• [EXTRACTED MATERIAL]:
====

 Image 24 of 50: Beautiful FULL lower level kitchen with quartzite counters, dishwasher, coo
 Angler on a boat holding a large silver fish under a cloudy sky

====

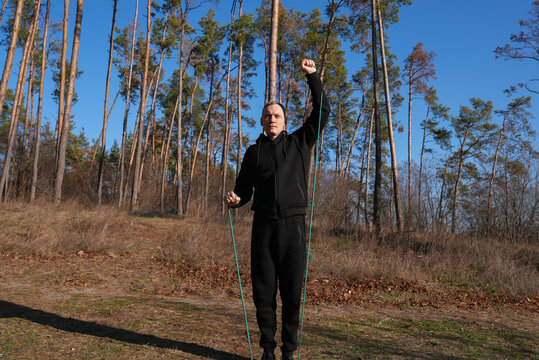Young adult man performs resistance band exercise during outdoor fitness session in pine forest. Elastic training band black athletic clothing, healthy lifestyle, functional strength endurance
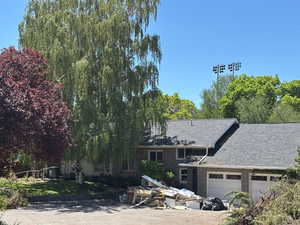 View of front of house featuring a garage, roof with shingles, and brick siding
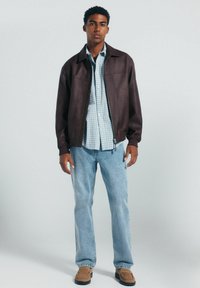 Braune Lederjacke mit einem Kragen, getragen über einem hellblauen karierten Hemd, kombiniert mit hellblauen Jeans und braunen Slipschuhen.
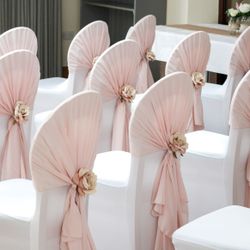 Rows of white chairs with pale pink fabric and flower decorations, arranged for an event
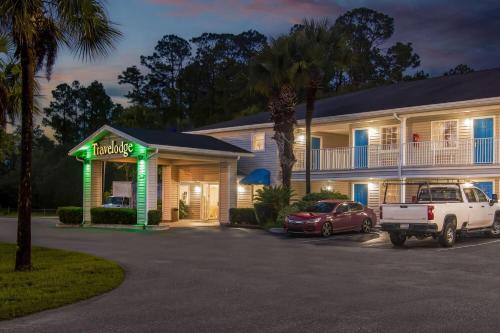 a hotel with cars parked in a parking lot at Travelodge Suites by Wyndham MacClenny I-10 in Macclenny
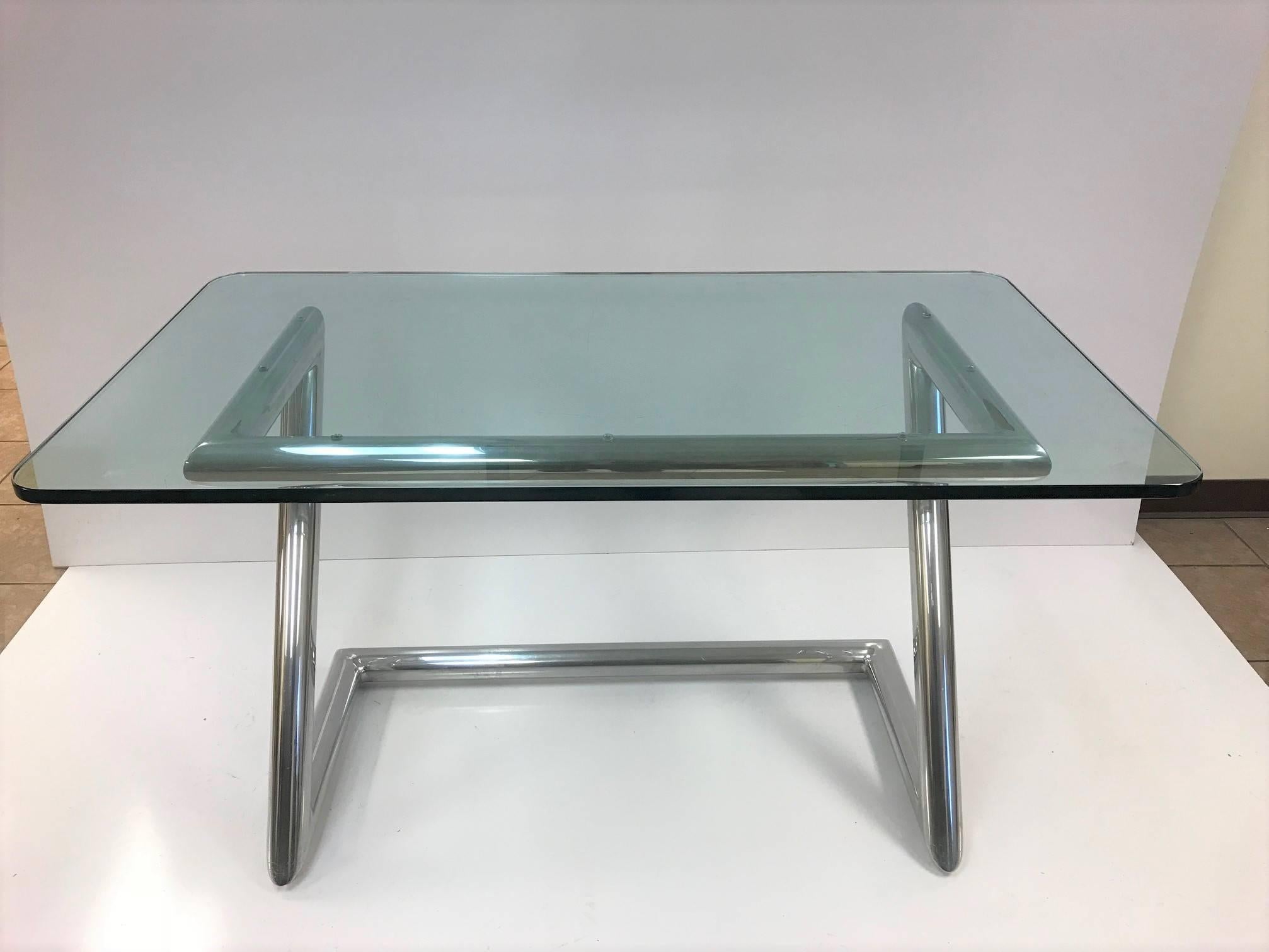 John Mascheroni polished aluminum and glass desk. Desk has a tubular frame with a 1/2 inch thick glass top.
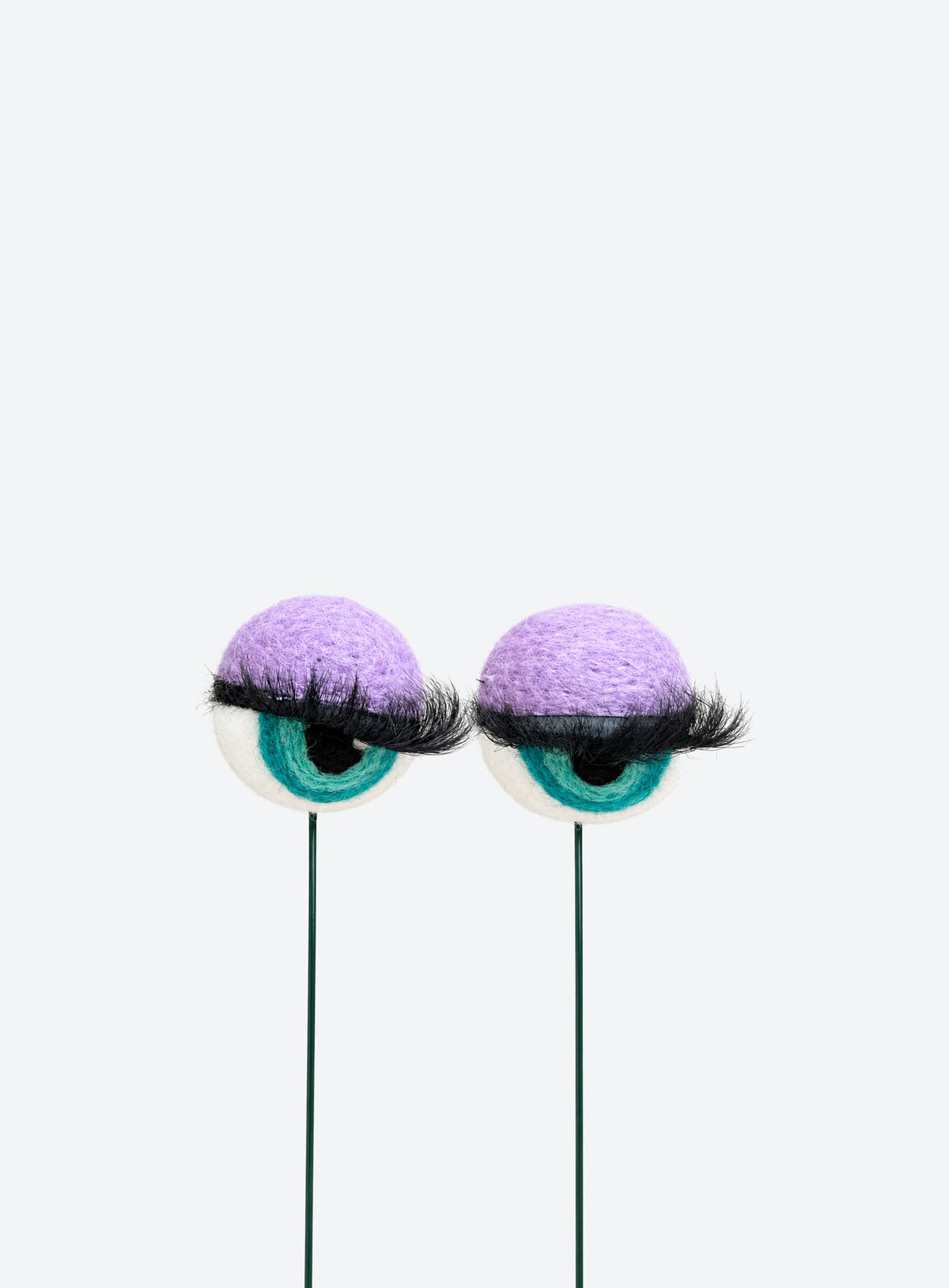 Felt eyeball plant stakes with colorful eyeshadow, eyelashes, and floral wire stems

====

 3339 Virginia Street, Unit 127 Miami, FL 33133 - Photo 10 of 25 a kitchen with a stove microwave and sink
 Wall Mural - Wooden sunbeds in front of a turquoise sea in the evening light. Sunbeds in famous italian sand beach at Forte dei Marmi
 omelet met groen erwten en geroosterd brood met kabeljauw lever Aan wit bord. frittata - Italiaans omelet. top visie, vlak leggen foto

====

• [TASK DIRECTIONS]:
If a line contains the string "kitchen", it counts toward the total; state that total for the records above and nothing more.

• [OUTPUT]:
2